Atypical Hodge Loci
Phillip Griffiths
TL;DR
The paper reframes the Noether–Lefschetz problem for variations of Hodge structure in terms of period mappings into Mumford–Tate subdomains, and shows that for VHS with level at least three, positive-dimensional Hodge loci are atypical in the sense that the actual codimension is strictly smaller than naive counts due to integrability constraints from Pfaffian differential systems. It achieves this via a detailed Lie-theoretic analysis that aligns the Hodge and root space decompositions and exploits transversality of the period map, together with an infinitesimal tangent-space argument and a Cartan-type generation lemma to force contradictions unless atypical. The work connects to Ax–Schanuel type results and uses definable $o$-minimal structures to deduce algebraicity of period images, with implications for the arithmetic of period domains and moduli spaces (e.g., Calabi–Yau families and their Yukawa couplings).

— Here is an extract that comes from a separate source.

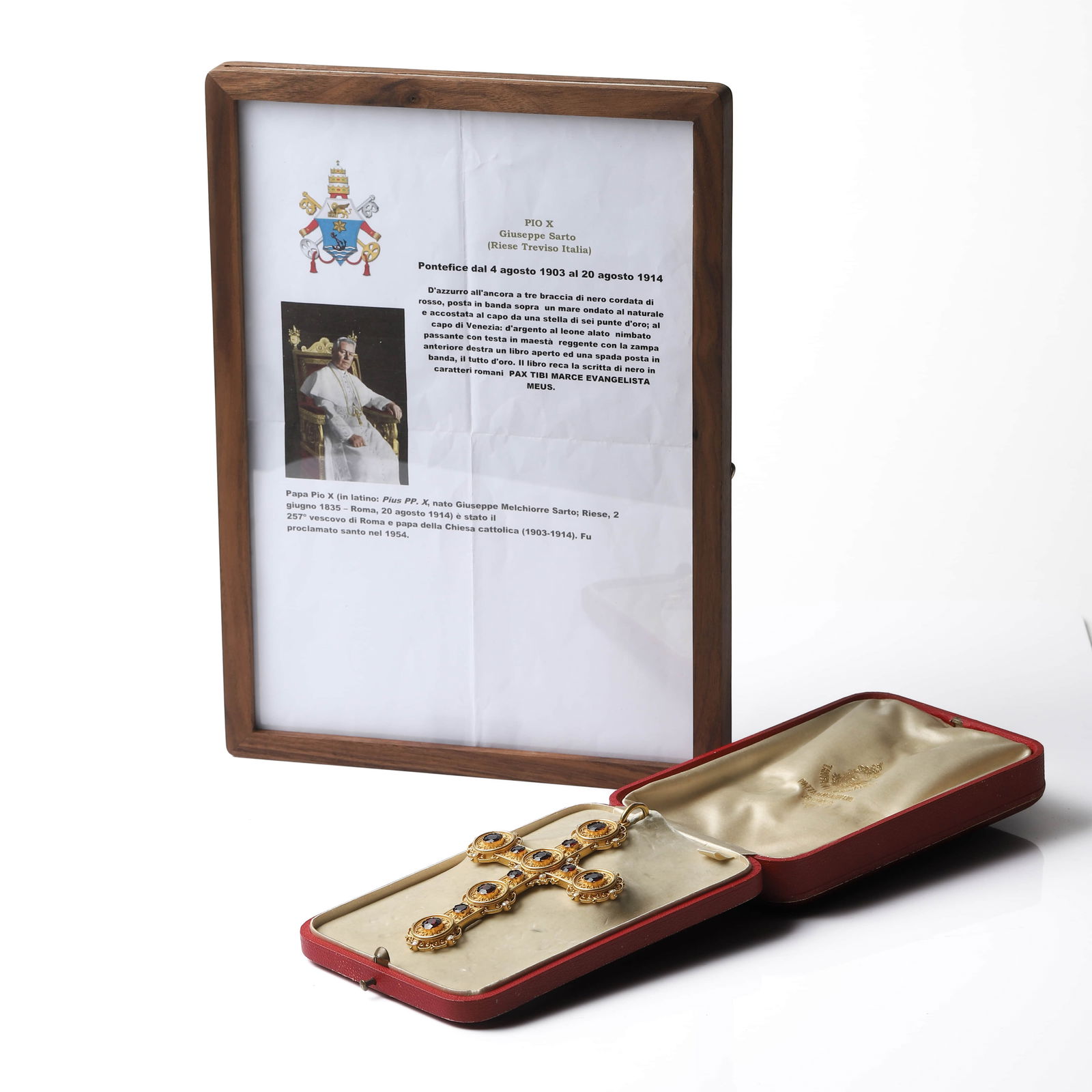 ITALIAN GOLD AND GARNET RELIQUARY CROSS PENDANT: Dimensions Length: 5 1/8 in. (13 cm); Width: 3 3/8 in. (8.5 cm); Weight: 50 g Description An impressive Italian reliquary cross pendant, finely crafted in gold and richly ornamented with deep red garn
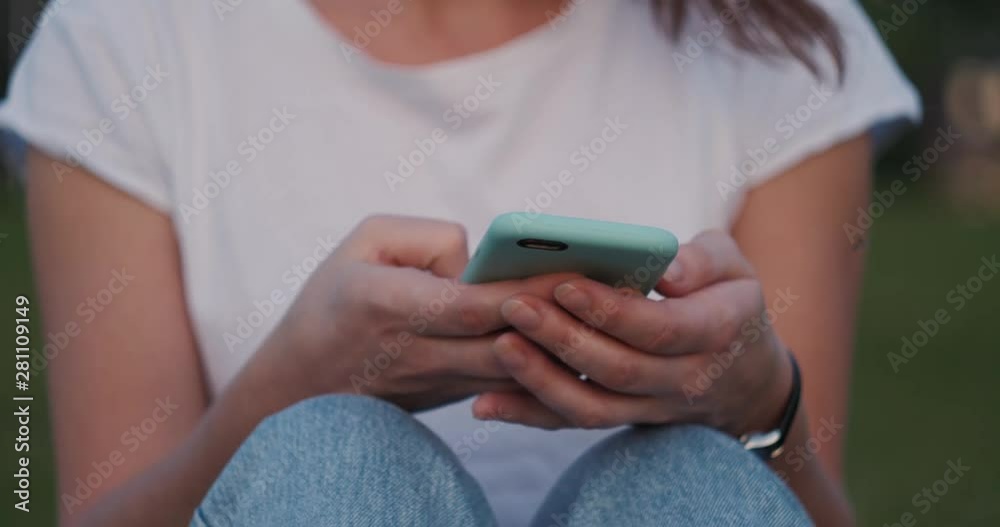 Beautiful young woman typing on phone outdoors. Plants in the background in park Concept of modern technology and internet. Beautiful young woman typing on phone outdoors. Plants in the background in park Concept of modern technology and internet.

It clarifies how extra Hodge tensors arising in families correspond to integrability phenomena and provides a framework to understand when Noether–Lefschetz loci exhibit excess intersection beyond naive dimension counts.
Abstract
In the recent works of a number of people there has emerged a beautiful new perspective on the arithmetic properties of Hodge structures. A central result in that development appears in a paper by Baldi, Klingler, and Ullmo. In this expository work we will explain that result and give a proof. The main conceptual step is to formulate Noether-Lefschetz loci in terms of intersections of period images with Mumford-Tate subdomains of period domains. The main technical step is to use the alignment of the Hodge and root space decompositions of the Lie algebras of the associated groups and from it to use the integrability conditions associated to a Pfaffian PDE system. These integrability conditions explain the generally present excess intersection property associated to the integral varieties of a pair of Pfaffian exterior differential systems.